SQL University – Internals by the Numbers

Hello everyone, and welcome to Internals week of the 2011 Spring semester of SQL University.  I am Erin Stellato and I will be your professor this week.

When you think Internals, what comes to mind?  It could be any number of topics…  The Storage Engine, the Optimizer, SQLOS, Buffer Cache – I could go on, the topic of Internals is very wide and very deep.  For me, when I start thinking about Internals, I picture this book first:

SQL Server 2008 Internals

SQL Server 2008 Internals

And then this one:

SQL Server 2008 Internals and Troubleshooting

SQL Server 2008 Internals and Troubleshooting

And then I start thinking of things like pages, data types, indexes, the transaction log, etc.  There’s an extensive list of topics that are included when you cover Internals, because you’re talking about how SQL Server works.

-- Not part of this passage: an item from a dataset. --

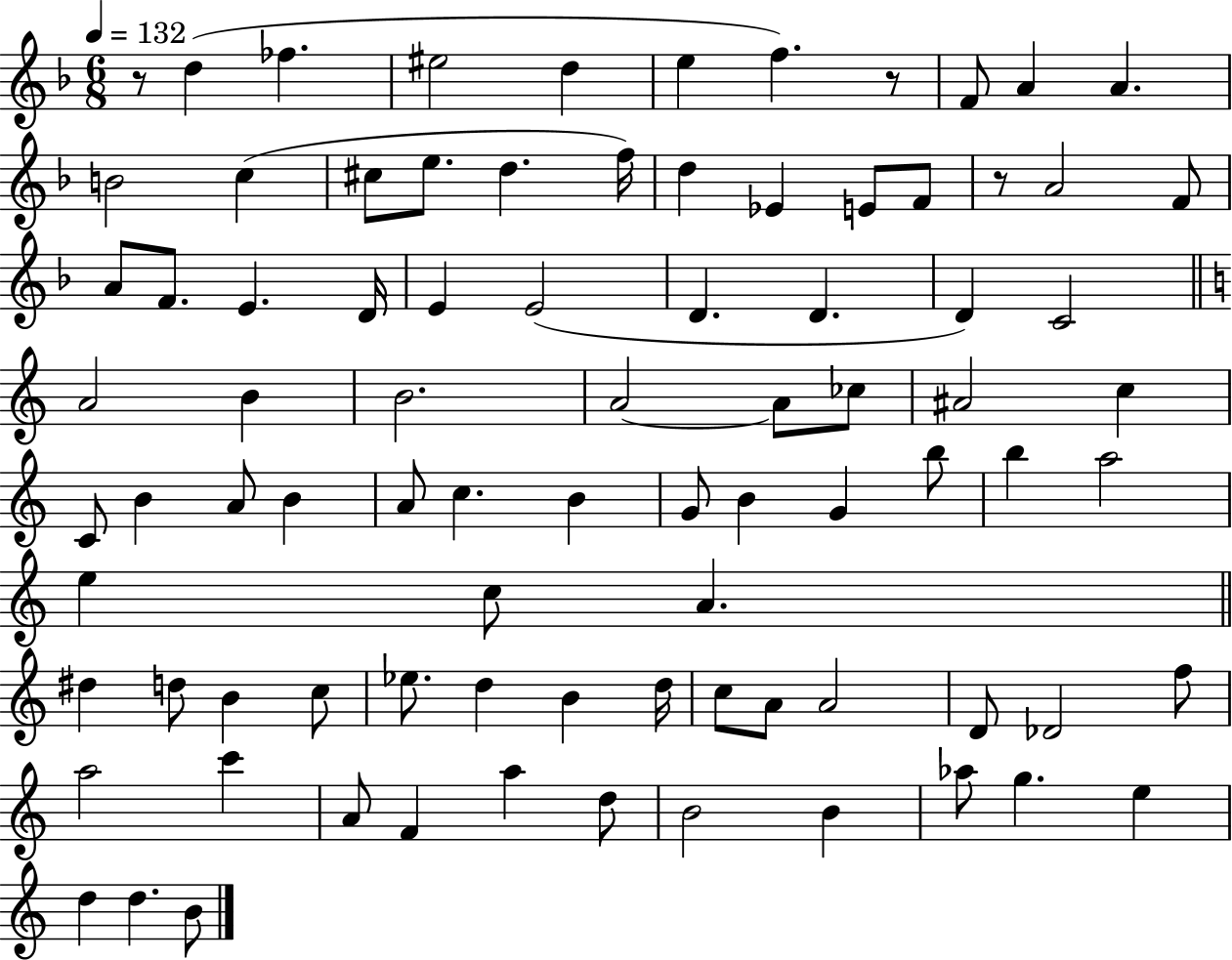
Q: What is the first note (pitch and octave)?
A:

It’s a vast product, and there’s a lot I could write about this week.  So you think it would be easy for me to find a few things to write posts about, right?  Wrong.  So, so wrong.  Where do I start?  How much should I cover?  Do I just take one topic and start at 100 level and go to 400 level?  Deciding what to write was harder than deciding between watching Apollo 13 and The Right Stuff.

Suffice to say, I initially felt a bit lost (note to self, next time be more specific tossing out SQLU topics to Jorge), but that was a good lesson.  I was reminded of not only the depth to which you can go with Internals (and boy you better know your stuff when you start going down the rabbit hole), but also the breadth of topics that fall into Internals.  To me, this demonstrates that there is value to everyone knowing something about Internals.  To what level?  Well, that depends on how much you enjoy it, and also what you do every day.  For me, I just like knowing how things work.

Where to Begin

The first time I read the Internals book, which was the SQL Server 2000 version, I knew very little about SQL Server.  I understood tables and indexes to some degree, and I could write some TSQL, but I did not have a grasp of the big picture.  I decided to start this series with a high level overview of database structures, because I believe you have to understand what a database is and why you have one before you can understand how SQL Server works.

To make life more interesting, I notated the hell out of this first post.  There isn’t much about Internals that hasn’t already been covered.  What I wanted to do is give you a list of really great posts and articles that I rely on when I want to know the details (yes, there are MSDN links).  I developed this reading list for you: the person who wants to dig into internals.  If you just want the SpaceCamp tour, reading through this post should suffice.

I am a visual learner, so with apologies to Kendra Little ( blog | @kendra_little ) I created pictures to try and illustrate each topic.  Man do I love Word and Paint.

Finally, I named this post “Internals by the Numbers” because I am including information about maximum values as I go along.  Remember, these are the absolute limits and are not goals you should try to achieve.  As I have often heard Kimberly Tripp say, “Just because you can, doesn’t mean you should.”

Structures

Databases

A database is a logical container.  The logic for this container can be based on any number of things, but it is usually an application.  A company has a need for an application to fill certain business requirements (like tracking every movie I’ve ever seen), and that data gets stored in a database.  At a minimum, there are five databases for an instance (master, model, msdb, tempdb and the Resource database), but you can have up to 32,767 databases on a SQL Server instance.  By default, when you create a database the size is about 3 MB, but the maximum size for a database is 524,272 terabytes.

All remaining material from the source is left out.